The NavBoost Squashing Function: How Google Normalizes Click Data

What Is the Squashing Function?

In mathematical and engineering contexts, a "squashing function" is any function that compresses a wide range of input values into a narrower range of output values. Common examples include logarithmic functions, sigmoid functions, and hyperbolic tangent functions. These functions share a key property: as the input grows larger, the output grows proportionally slower.

In the context of NavBoost, the squashing function is applied to raw click data before that data is used in ranking calculations. The 2024 Google API leak revealed two distinct click data fields — unsquashedClicks and squashedClicks — confirming that Google stores both the raw and the processed versions of click signals.

The exact mathematical formula Google uses for its squashing function has not been disclosed. However, the concept and its effects can be understood through its general properties and the behavioral patterns it produces in the ranking system.

A Simple Illustration

Consider two search results competing for the same query:

Result A receives 500 clicks per month, with a consistent pattern over 13 months.
Result B receives 50 clicks per month for 12 months, then 5,000 clicks in a single month.

Without squashing, Result B's total click count (50 x 12 + 5,000 = 5,600) would far exceed Result A's (500 x 13 = 6,500) in raw terms, and that one month's spike would represent a massive signal. With squashing, the 5,000-click spike is compressed — perhaps down to the equivalent impact of 500-800 clicks — and Result A's consistent pattern produces a comparatively stronger normalized signal because each month's 500 clicks is squashed but remains meaningful across all 13 months.

The precise compression ratio is unknown, but the principle is clear: consistency of signal matters more than peak magnitude.

Why Google Uses Squashing

Google has strong incentives to normalize click data rather than using it raw. The squashing function serves multiple purposes that are critical to the integrity of the ranking system.

1. Preventing Click Manipulation

The most frequently cited reason for squashing is manipulation prevention. If raw click volume directly correlated with ranking influence, any actor with sufficient resources could boost rankings by generating artificial clicks — through bots, click farms, or other means. The squashing function breaks this linear relationship. Doubling the number of clicks does not double the ranking signal. This means that the cost of manipulation scales non-linearly: each additional artificial click produces less marginal benefit than the last.

This economic deterrent is fundamental. Even if Google's active click manipulation detection systems fail to flag a particular campaign, the squashing function ensures that the campaign's impact is inherently limited.

2. Normalizing Across Query Volumes

Google processes queries across an enormous range of search volumes. A head term like "weather" might receive millions of searches per day, while a long-tail query like "best budget turntable for jazz vinyl under $300" might receive a few hundred per month. Without normalization, head-term results would always have overwhelmingly stronger click signals than long-tail results, even when the long-tail results are equally or more satisfying to their respective audiences.

The squashing function levels this playing field. By compressing the absolute magnitude of click signals, it ensures that what matters is the pattern of clicks (the ratio of good to bad, the consistency over time) rather than the raw volume. This allows NavBoost to function meaningfully across the full spectrum of query popularity.

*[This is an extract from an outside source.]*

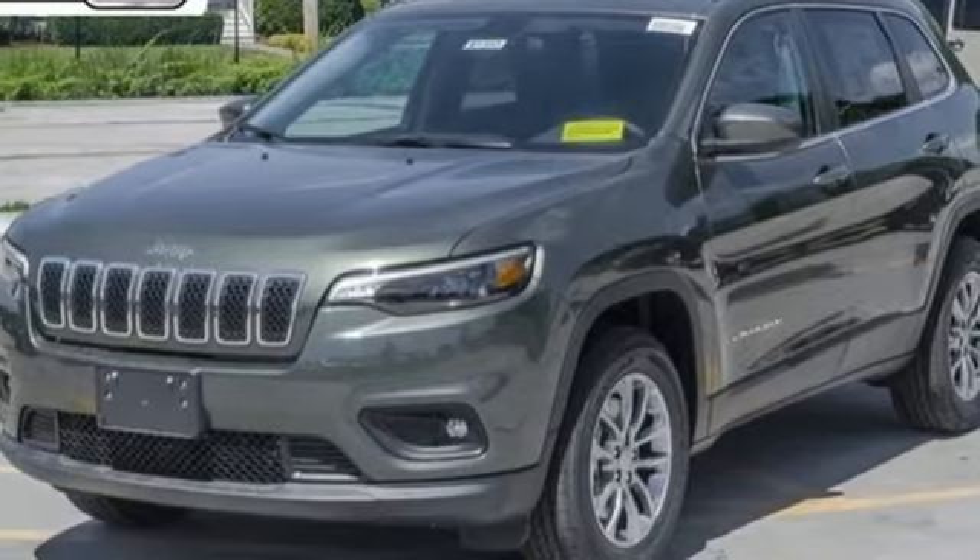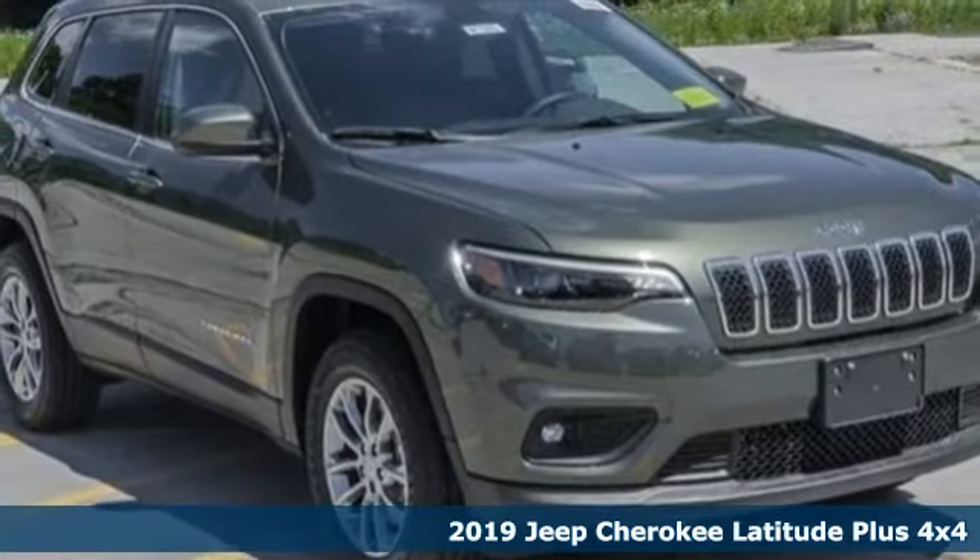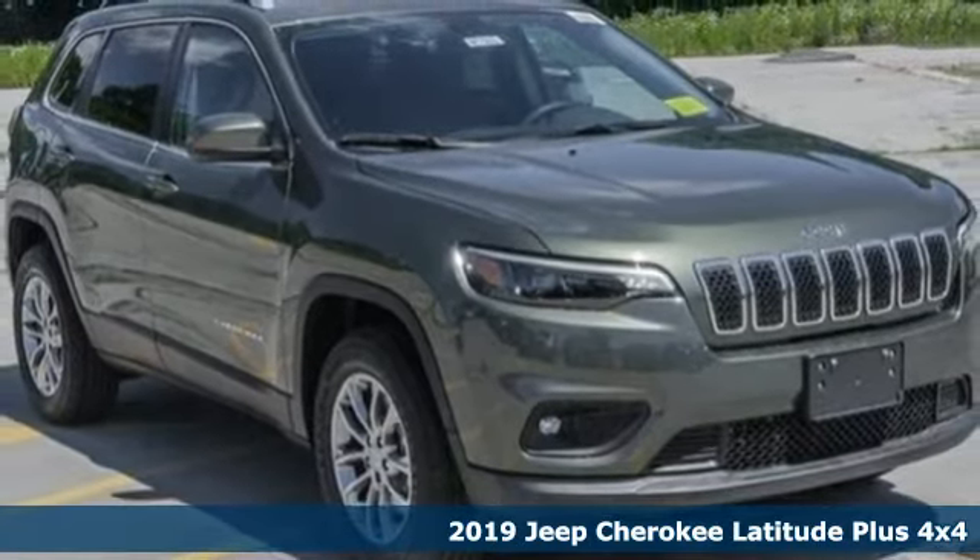It's a new 2019 Jeep Cherokee. The Jeep life fits your life. It comes nicely equipped with features you'll love.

3. Reducing Noise and Volatility

Real-world click patterns are inherently noisy. A trending news event can temporarily spike clicks to certain results. A viral social media post might drive thousands of people to search for something they would not normally search for, generating atypical click behavior. Seasonal patterns create regular fluctuations.

Without squashing, these normal fluctuations would cause rankings to oscillate unpredictably. By compressing extreme values, the squashing function dampens noise and produces a more stable ranking signal. Rankings change when there is a genuine, sustained shift in user satisfaction — not when there is a temporary blip.

4. Protecting Against Competitive Sabotage

Squashing also protects against negative click manipulation — attempts to harm a competitor's rankings by generating artificial badClicks (pogo-sticking). Just as positive click spikes are compressed, negative click spikes are similarly dampened. A sudden burst of artificial badClicks against a competitor would be squashed in the same way a burst of artificial goodClicks would be, limiting the damage any such campaign could inflict.

How Squashing Works with the 13-Month Window

The squashing function and the 13-month rolling window are complementary mechanisms that, together, create a robust defense against manipulation and noise. Understanding how they interact is essential.

Temporal Smoothing + Signal Compression

The 13-month window provides temporal smoothing: any single month's data represents only approximately 7.7% of the total signal. The squashing function provides signal compression: extreme values within any single month are reduced before they enter the aggregation.

The combined effect is multiplicative. A manipulation attempt faces two sequential barriers:

First, the squashing function compresses the raw signal. A spike of 10,000 artificial clicks might be compressed to the equivalent of 1,000 or fewer in terms of ranking impact.
Then, the 13-month window dilutes the squashed signal. That compressed value represents only one-thirteenth of the total data used in the ranking calculation.

The net effect is that a single month of heavy manipulation might produce a ranking signal equivalent to a small fraction of what a single month of genuine, moderate click activity would produce over the same window.

Sustained Patterns vs. Short Bursts

This design means that sustained patterns of user behavior carry far more weight than short-term spikes. A result that consistently receives a healthy ratio of goodClicks over 13 months builds a durable NavBoost signal. A result that receives a burst of clicks in a single month — whether artificial or genuine — sees that burst compressed by squashing and diluted by the rolling window.

The practical implication is clear: lasting ranking improvements through NavBoost require lasting changes in how users interact with a result. A one-time spike — from a viral post, a media mention, or a manipulation campaign — will have a temporary and muted effect.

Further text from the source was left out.